Bitcoin, set to close the month of October with gains of over 25%, has surged again—adding almost 5% in the last 24 hours and pushing it over the psychological $14,000 per bitcoin level for the first time since early 2018.
Bitcoin’s latest rally has boosted the price of other major cryptocurrencies, including ethereum, Ripple’s XRP, chainlink, and litecoin, all up between 3% and 5%.
The bitcoin price surge over $14,000 per bitcoin comes shortly after a number of huge bitcoin transactions—worth more than $100 million—and follows the expiry of $750 million worth of bitcoin options contracts on Friday.
Bitcoin traders and investors have been braced for volatility over the last 24 hours, with high-value bitcoin options contracts—effectively traders betting on what they expect the bitcoin price to be in the future—expiring. Bullish or bearish trends can be exacerbated by such expiries.

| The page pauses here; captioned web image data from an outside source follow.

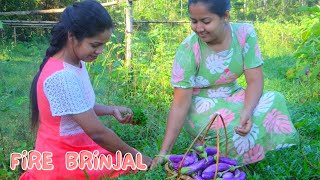 Fire Brinjal🔥Crispy poori with Brinjal masala#villegelifestyle #spicy #the nature me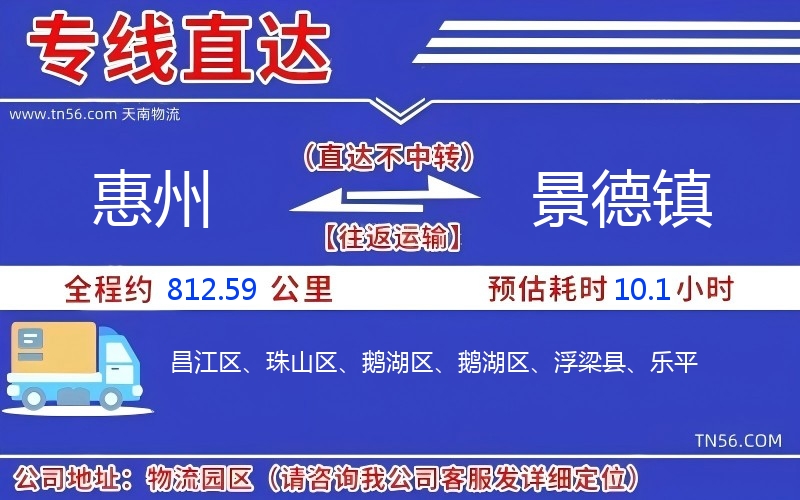 惠州到景德镇物流公司 惠州到景德镇物流公司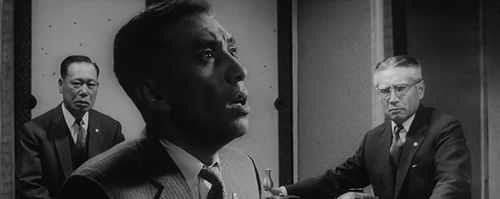Masayuki Mori, Kô Nishimura, and Takashi Shimura in The Bad Sleep Well (1960)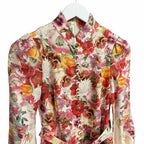 Zimmermann Wonderland Belted Floral Print Linen Mini Dress Size AU 0 / US 4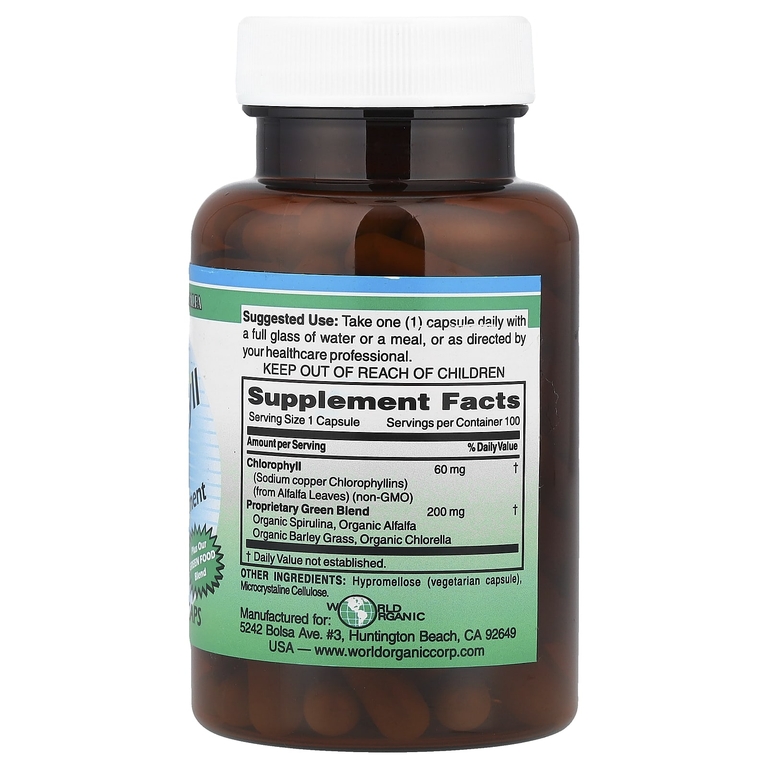 World Organic, хлорофилл, 60 мг, 100 растительных капсул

Meanwhile, the bitcoin and cryptocurrency market has been rocked by $100 million worth of bitcoin being removed from two exchanges in the last few hours, the San Francisco-based Coinbase and the Luxembourg-based Bitstamp. A Twitter bot set up to track big bitcoin and crypto transactions, made by so-called “whales,” recorded the three separate transactions.
Bitcoin, which climbed to highs of $14,000 per bitcoin on Bitstamp before falling back to trader around $13,900, has found support over the last couple of months by a raft of bullish bitcoin news and increasing belief among some investors that bitcoin will serve as a hedge against a tidal wave of inflation they see on the horizon. This has led to bitcoin decoupling from the stock market over the last week or so.
“For most of the pandemic, bitcoin remained correlated with equities,” Andrew Ballinger, Associate at Wave Financial Group, said via email.
In June, the one-month bitcoin-S&P 500 correlation reached an all time high of 66.2%, according to data from Skew Analytics. Since June, this one-month bitcoin to S&P 500 correlation remained well into double-digits, for the most part hovering around the 40%-50% range, until the double-digit positive correlation broke this month.
“I wouldn’t be fully honest if I said I didn’t believe a major downturn in equities would have no effect on the still nascent digital asset economy, but I think this return to single digit and potentially negative correlation is a step in the right direction for those who believe in bitcoin’s store of value thesis,” Ballinger added.
“With continued uncertainty surrounding the economic recovery, investors may turn to digital currencies over equities, and test the ‘digital gold’ thesis of bitcoin further.”